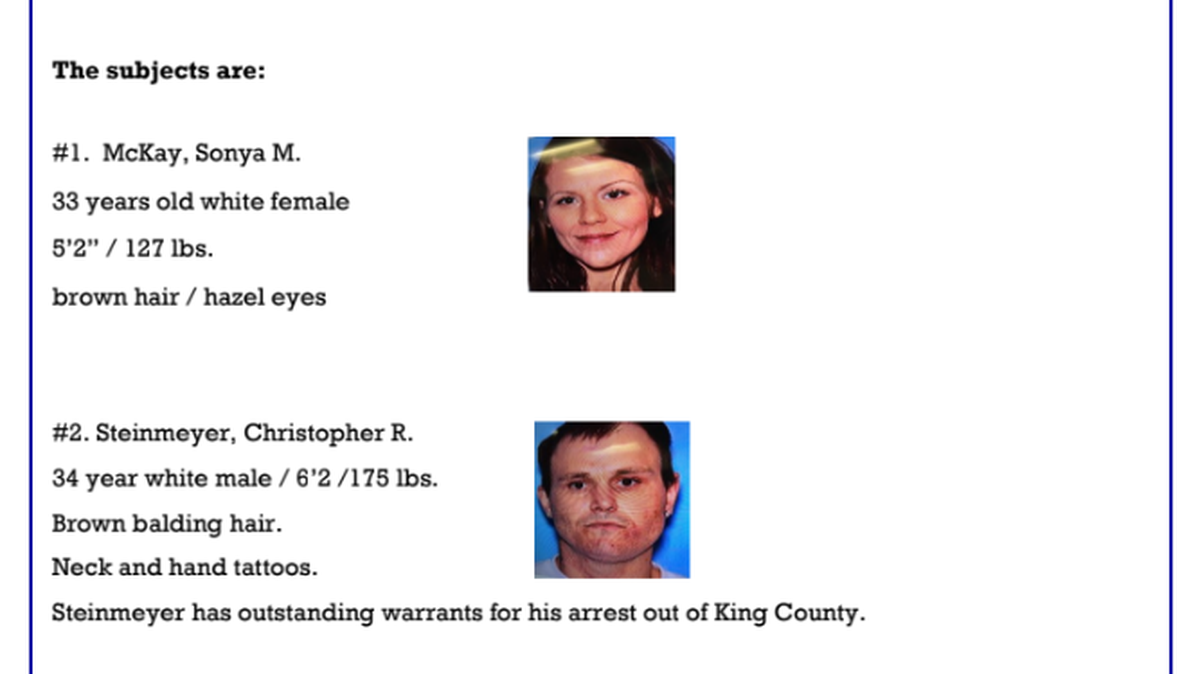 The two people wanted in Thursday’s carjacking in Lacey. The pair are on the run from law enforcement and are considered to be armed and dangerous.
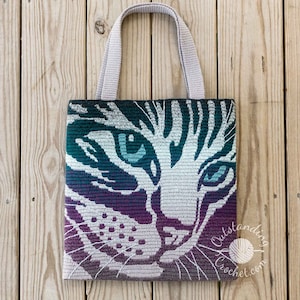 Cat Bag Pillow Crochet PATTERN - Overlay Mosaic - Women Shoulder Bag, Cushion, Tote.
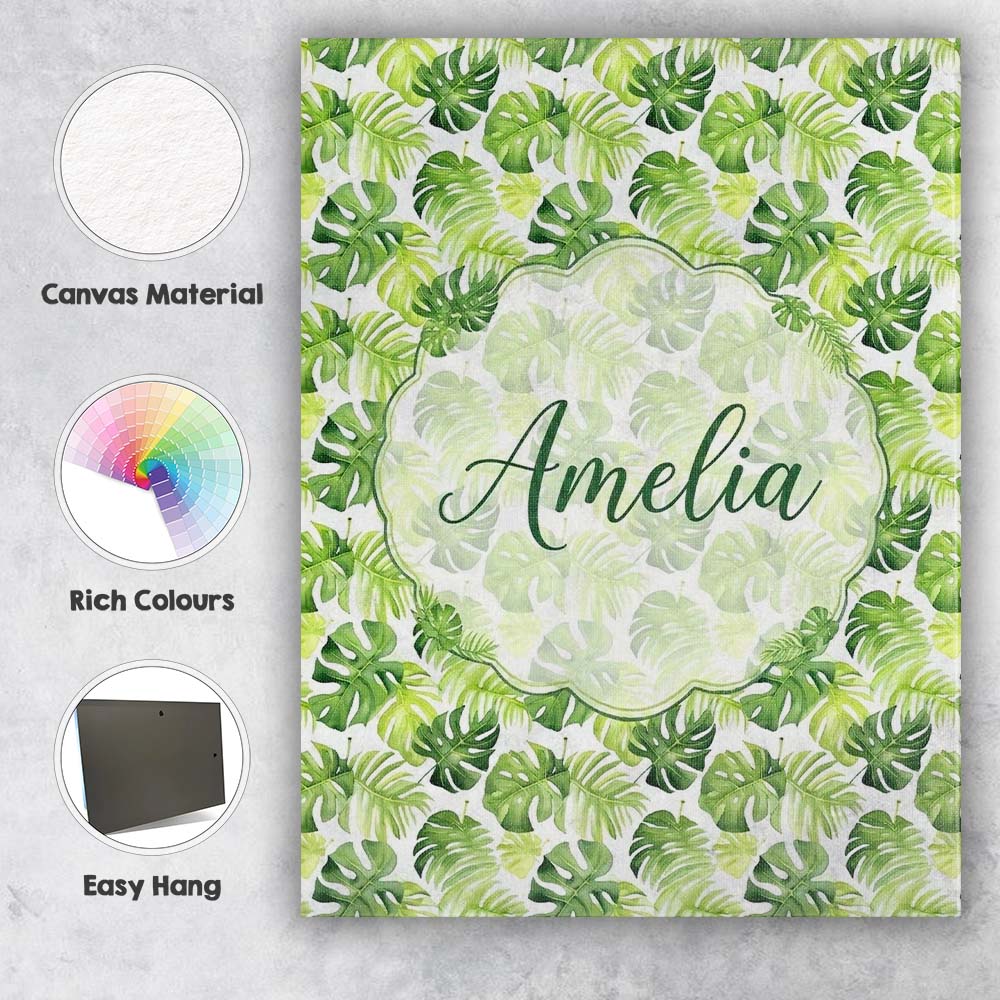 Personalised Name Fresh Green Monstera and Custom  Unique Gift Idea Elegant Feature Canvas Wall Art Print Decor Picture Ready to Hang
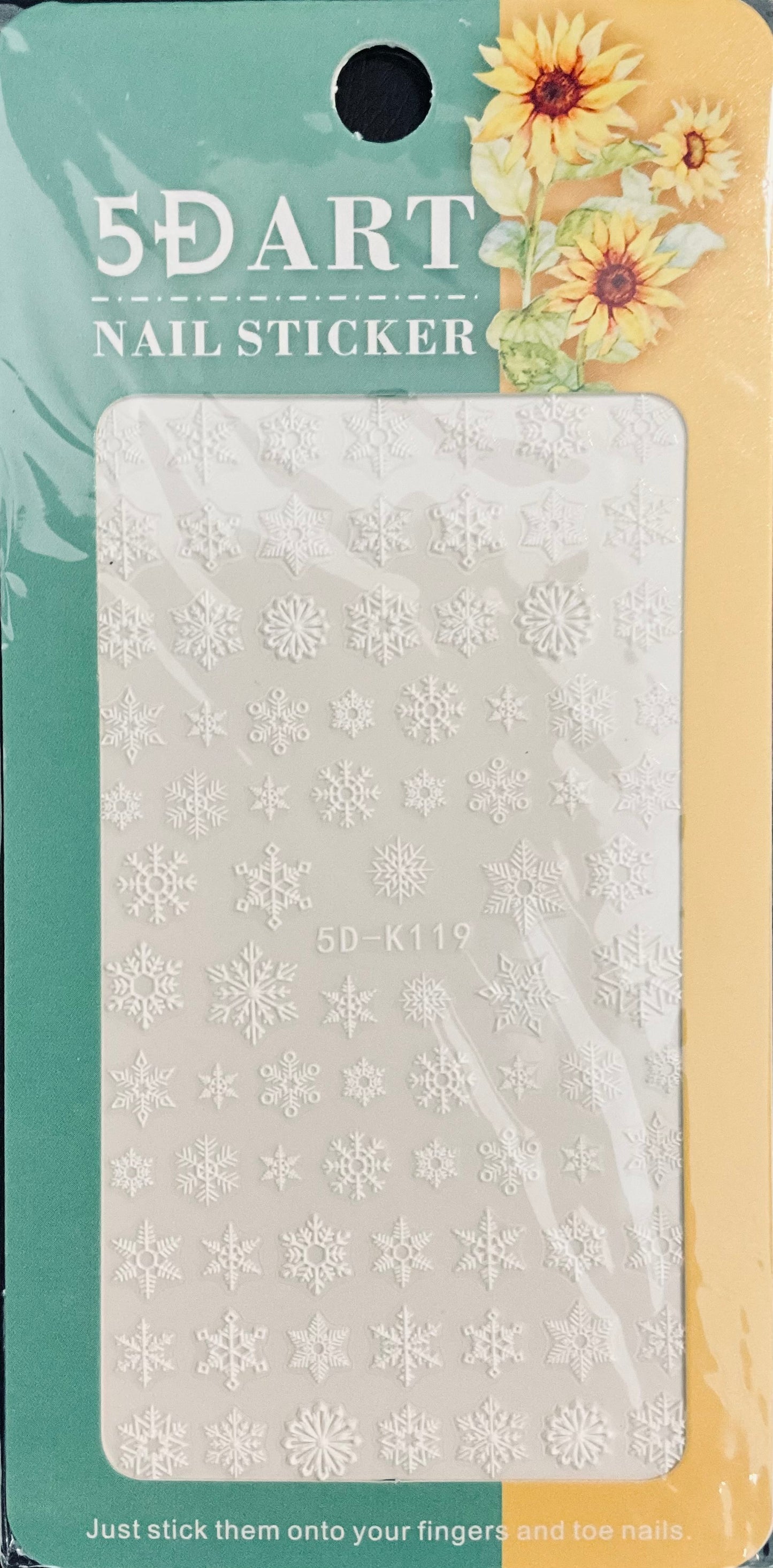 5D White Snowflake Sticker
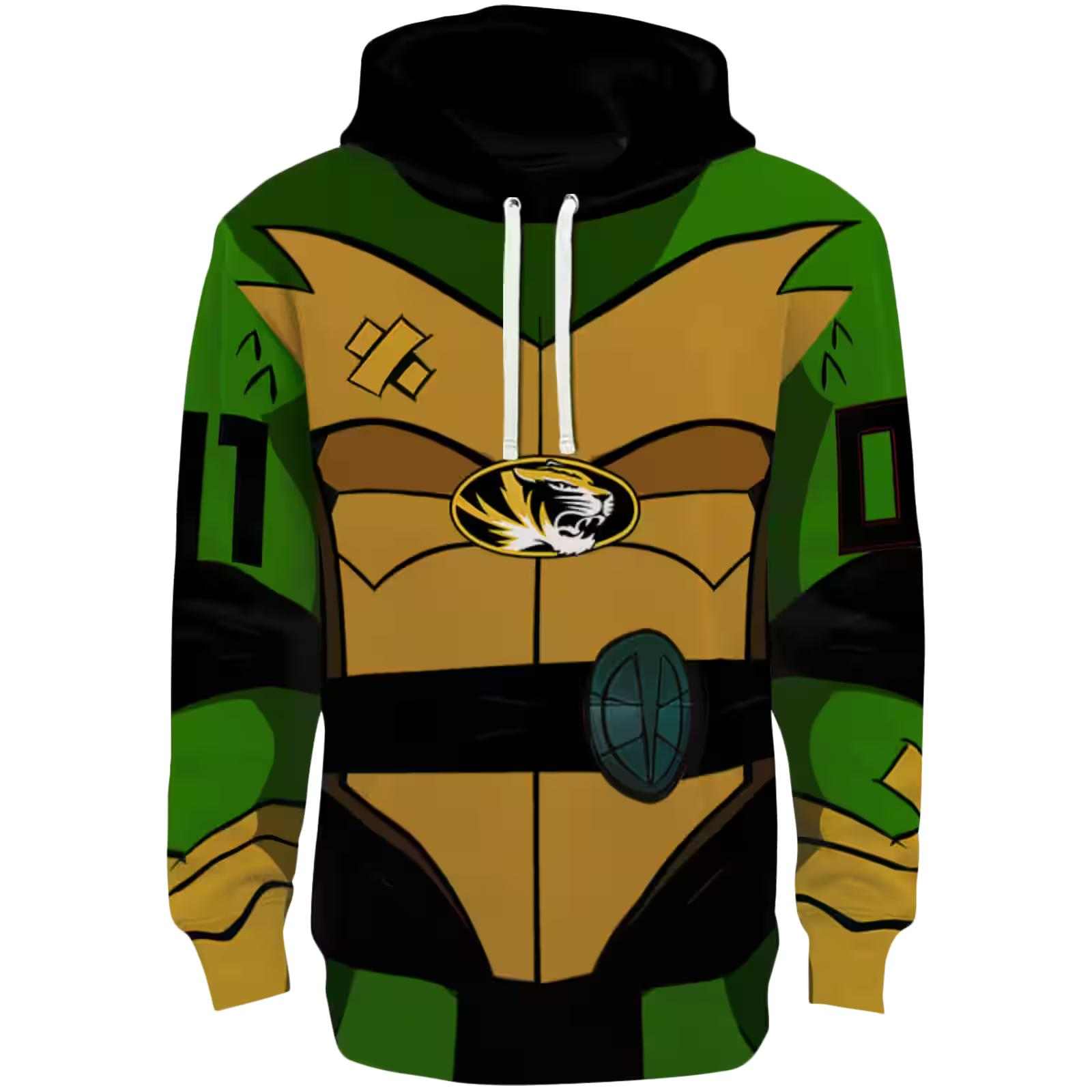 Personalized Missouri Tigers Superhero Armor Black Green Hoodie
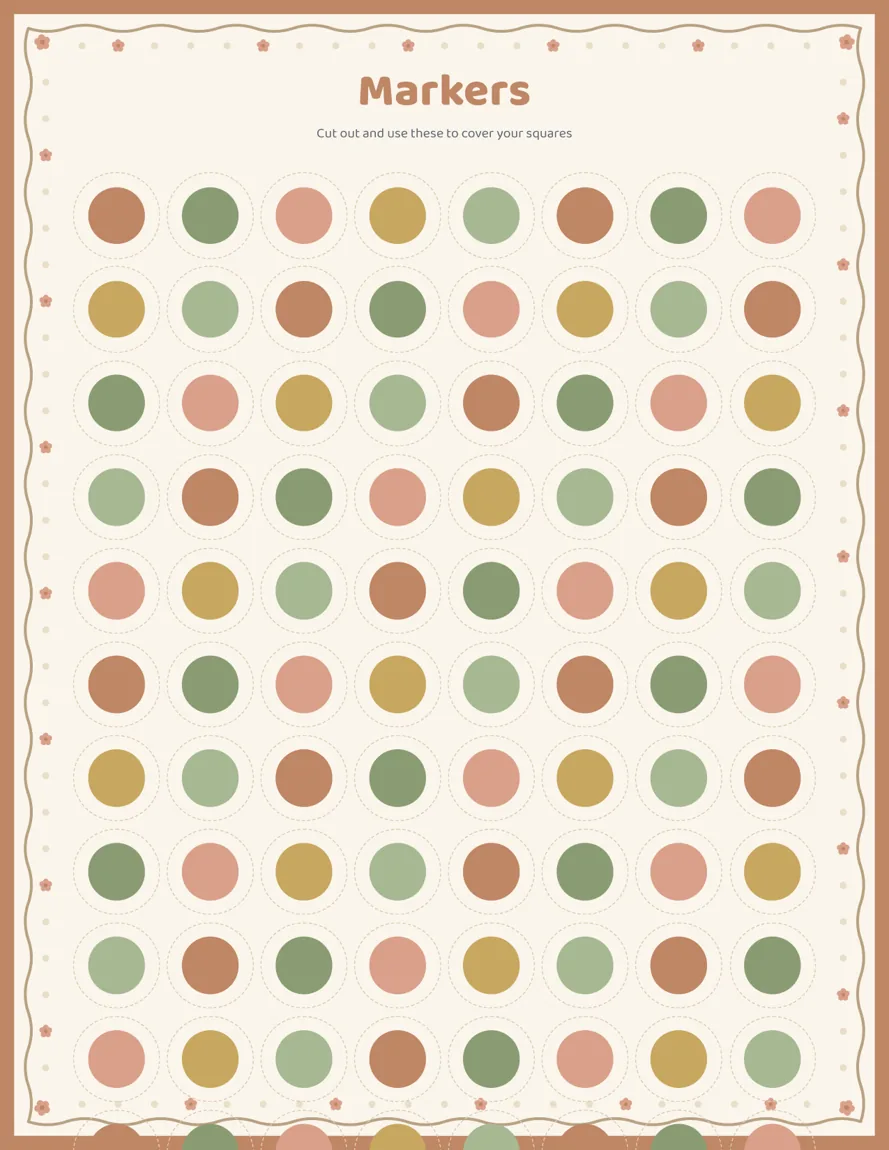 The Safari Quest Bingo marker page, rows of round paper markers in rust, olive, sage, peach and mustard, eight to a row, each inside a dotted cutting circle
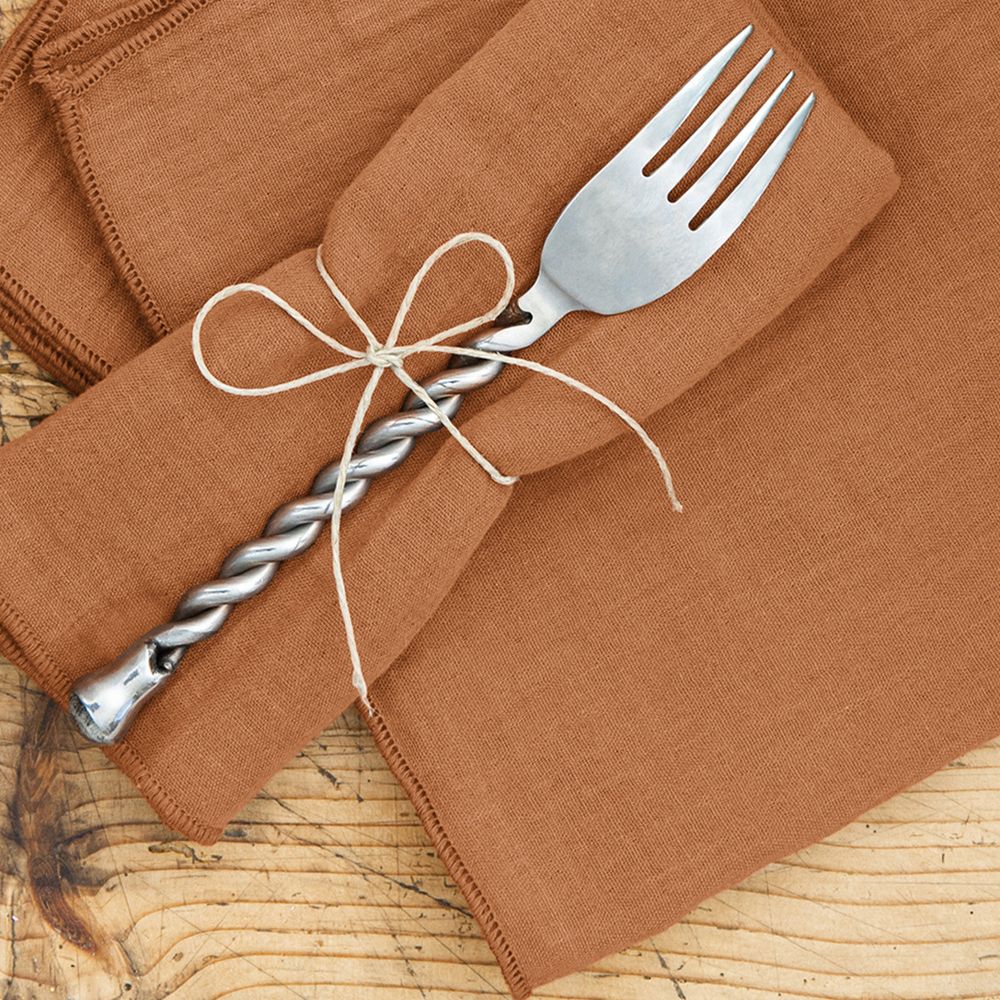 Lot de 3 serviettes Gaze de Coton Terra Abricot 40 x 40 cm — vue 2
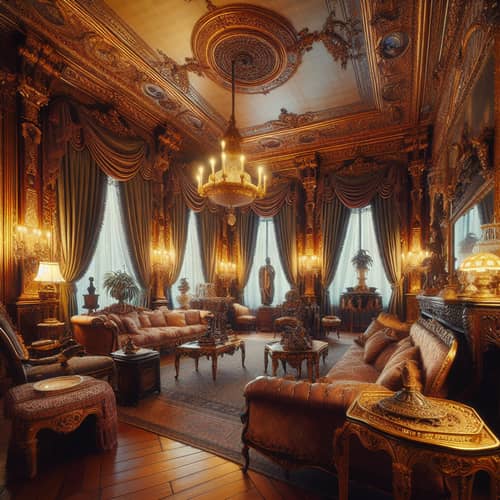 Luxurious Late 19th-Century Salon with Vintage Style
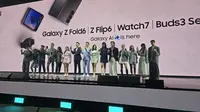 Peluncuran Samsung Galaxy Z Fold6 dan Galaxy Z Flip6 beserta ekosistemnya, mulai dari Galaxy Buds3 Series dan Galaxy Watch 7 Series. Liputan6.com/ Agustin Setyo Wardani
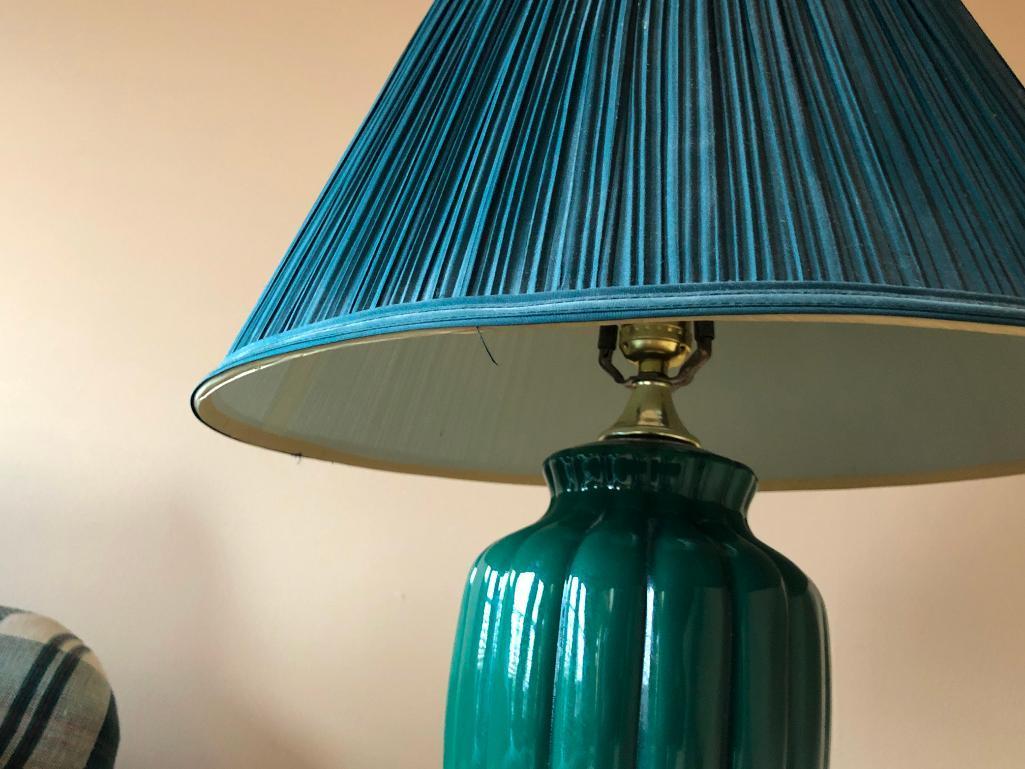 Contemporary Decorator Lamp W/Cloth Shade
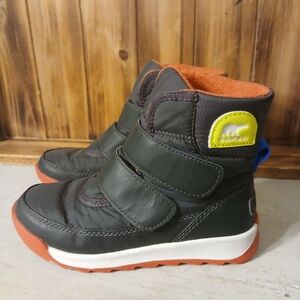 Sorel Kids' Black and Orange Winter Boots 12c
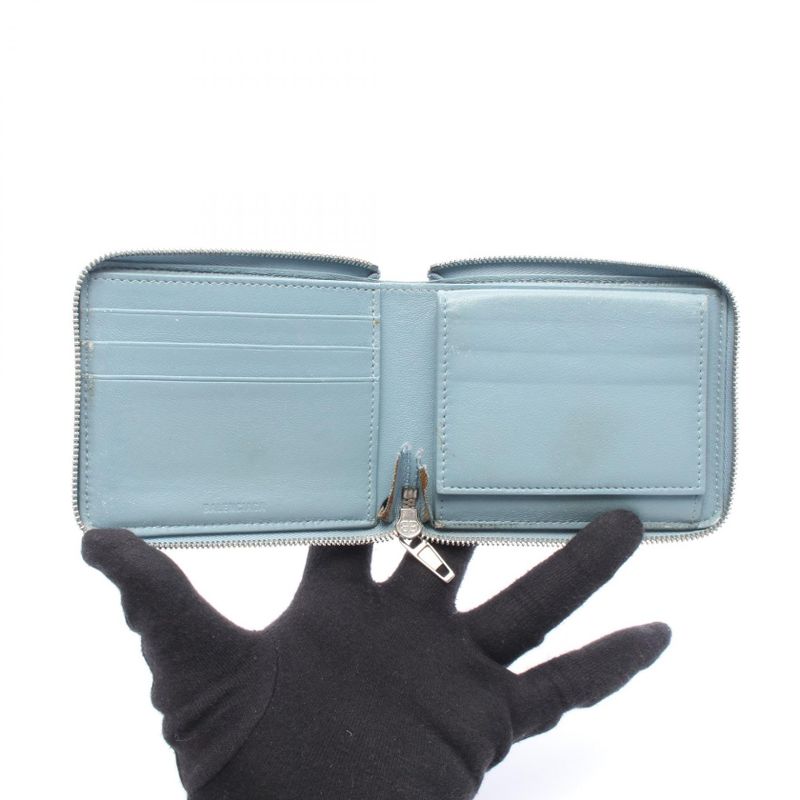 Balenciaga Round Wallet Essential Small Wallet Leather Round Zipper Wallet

================================

• Work to complete:
Without the pictures, transcribe exactly the lines above from the one containing "Contemporary Decorator Lamp W/Cloth Shade" through the last.

• Solution to this problem:
 Contemporary Decorator Lamp W/Cloth Shade
 Sorel Kids' Black and Orange Winter Boots 12c
 Balenciaga Round Wallet Essential Small Wallet Leather Round Zipper Wallet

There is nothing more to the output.